Welcome to “This Week In Latin America,” a recurring feature in which we bring you the news from south of the border in quick, funny nugget form. Mmm, nuggets…

Look out Colombia, this summer is about to get steamier. Same sex couples could soon have the “ability to formalize their unions before a notary public.” How romantic does that sound? I feel like every young, South American homosexual dreams of one day being lawfully formalized by a notary official inside a dank, wood-paneled boiler-room. After saying “I do,” the only real question left is whether the Vienna sausage and jalapeno popper appetizers were too gauche for the occasion.

Speaking of legalizing things, Cuba’s government has finally decided to legalize the purchase of homes. Previously, Cuba has frowned upon home ownership because private property is a hallmark of capitalism – but then again so is poverty and Cuba has never seem to have a problem with that. Much like China, Cuba’s government is based on the principles of socialism and donating cute animals to zoos in the United States. The most famous of these cute animals was Elian Gonzales, who was donated to the US media zoo back in the year 2000.

Speaking of forgotten Latinos, this week marks the one-year anniversary of the Chilean mine collapse, in which 33 miners spent 69 days in the hole. Sixty-nine days in the hole? What is this, an inspirational story or a porno? Well there is a movie in the works, so why can’t it be both? Speaking of being in the hole, most of the miners are currently broke or unemployed. How much money they’ll get out of the settlement remains to be seen, but one thing’s for sure: I haven’t seen this many poor Latinos since Menudo called it quits.

Speaking of not South America, Spain is defending bull-fighting, saying it is an artistic and cultural necessity. By calling it that, toreros are protecting their right to be gored in the jugular while young, Spanish children scream for blood, cigars and televised nudity. Aside from the bullfighters, the seamstresses who specialize in creating these festive, godless bodysuits are ensured their livelihood will be protected for generations to come.

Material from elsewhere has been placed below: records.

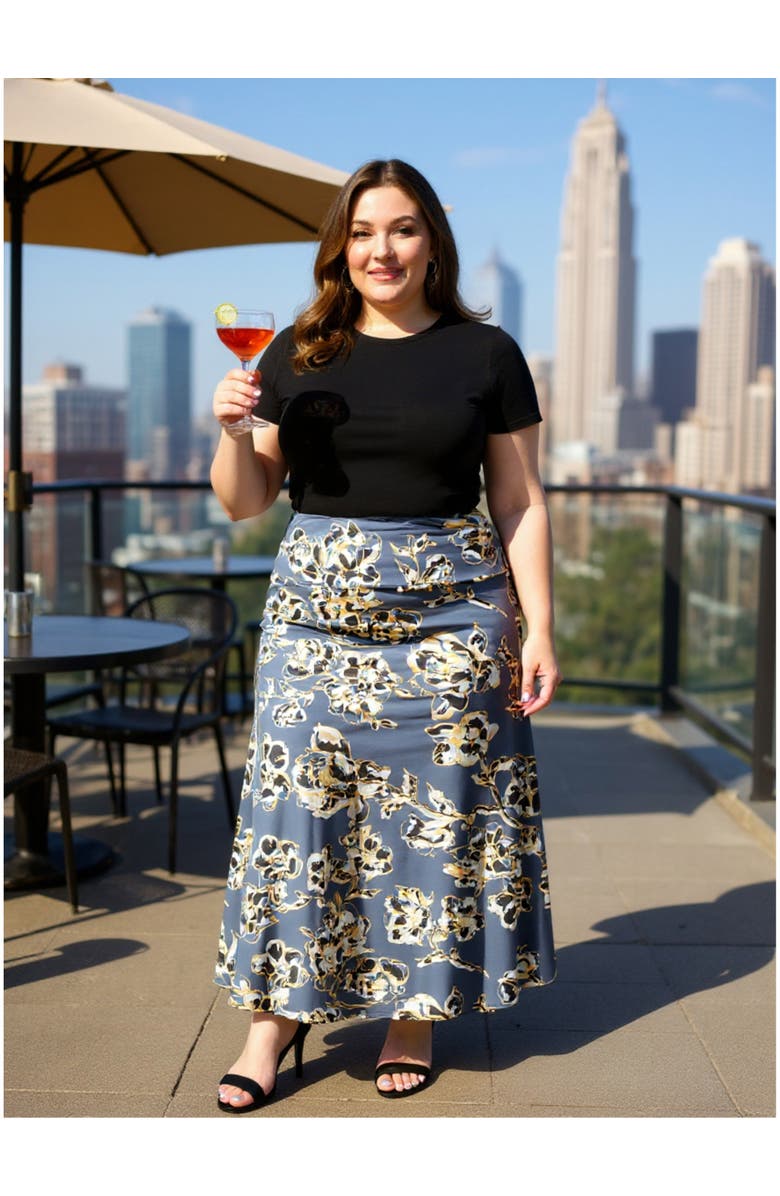 24seven Comfort Apparel Plus Size Floral Elastic Waist A-Line Maxi Skirt, Alternate, color, Grey Multi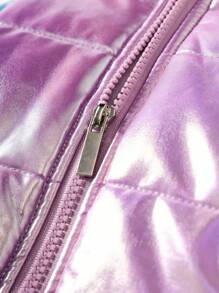 Baby Girls' Color Block Hooded Padded Coat, Simple Daily Style - Purple - View 6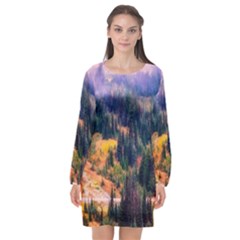 Landscape Fog Mist Haze Forest Long Sleeve Chiffon Shift Dress  by BangZart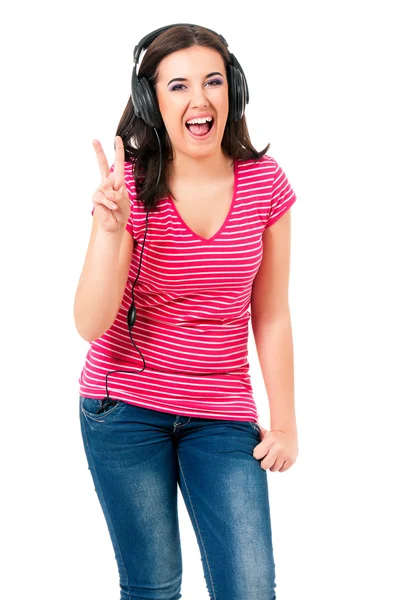 Mulher com fones de ouvido — Fotografia de Stock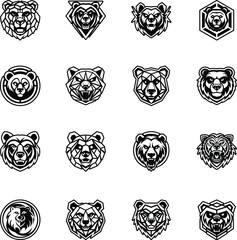 Collection of Glyph Style Bear Logos 

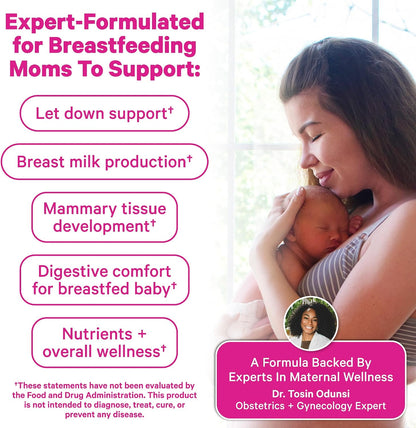 Pink Stork Total Lactation Supplement for Breast Milk Supply, Organic Fenugreek and Alfalfa to Support Breastfeeding, Milk Flow, and Production, Postpartum Essentials - 60 Capsules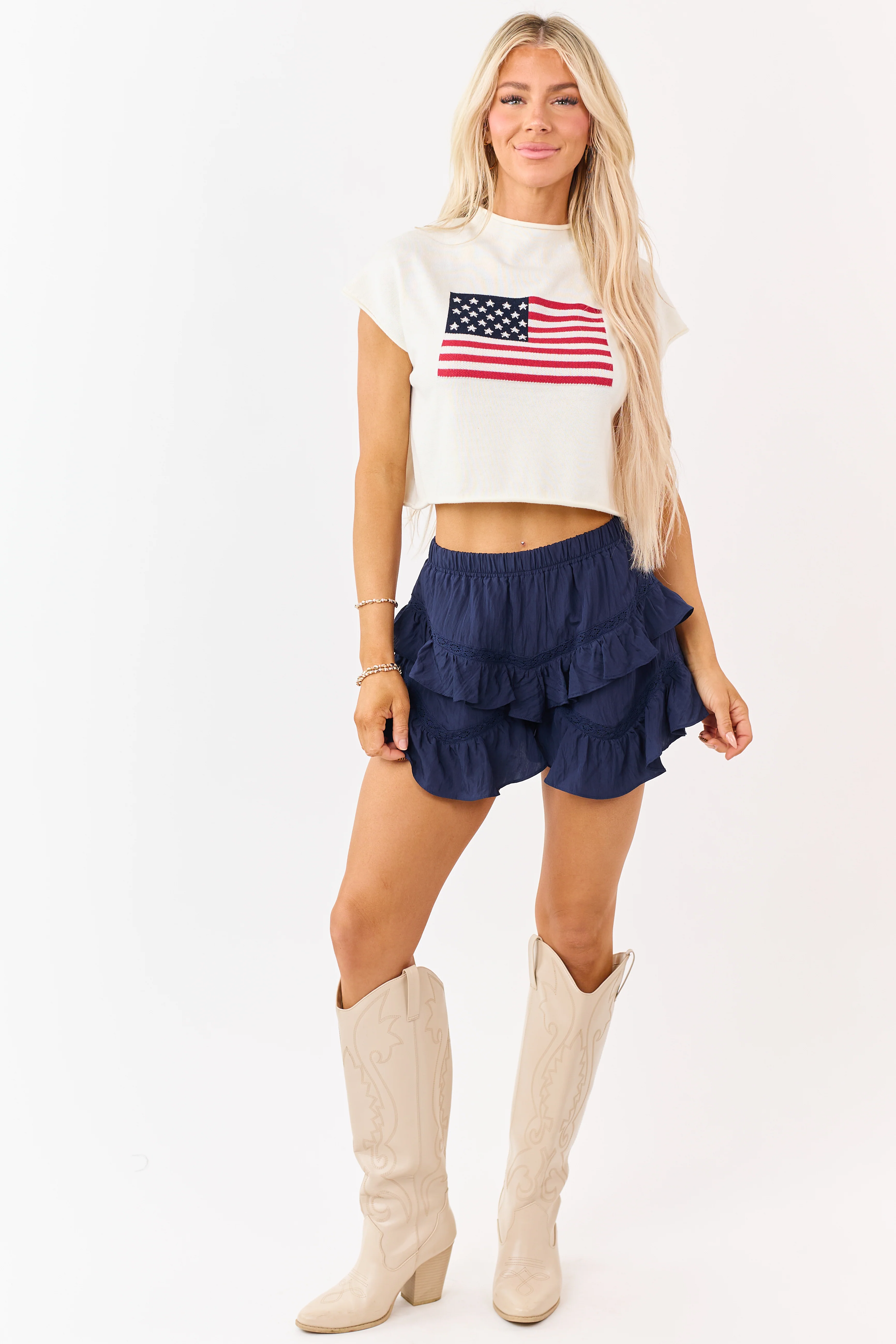 Cream American Flag Graphic Short Sleeve Top - Image 3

Speaking of animals, Venezuela is looking to release 40% prisoners currently held in captivity. Iris Varela – Venezuela’s prison minister – is claiming that many of the inmates do not pose a danger to society. Considering Venezuela’s high-high levels of corruption, drug trafficking and homicide, society may actually pose a bigger threat to itself. Discussing which prisoners they would release, Varela told reporters they do not plan on letting “wolves loose on the streets.” Well, that sounds reassuring coming from the country whose president is buddy-buddy with crimes-against-humanity enthusiast, Muammar Gaddafi.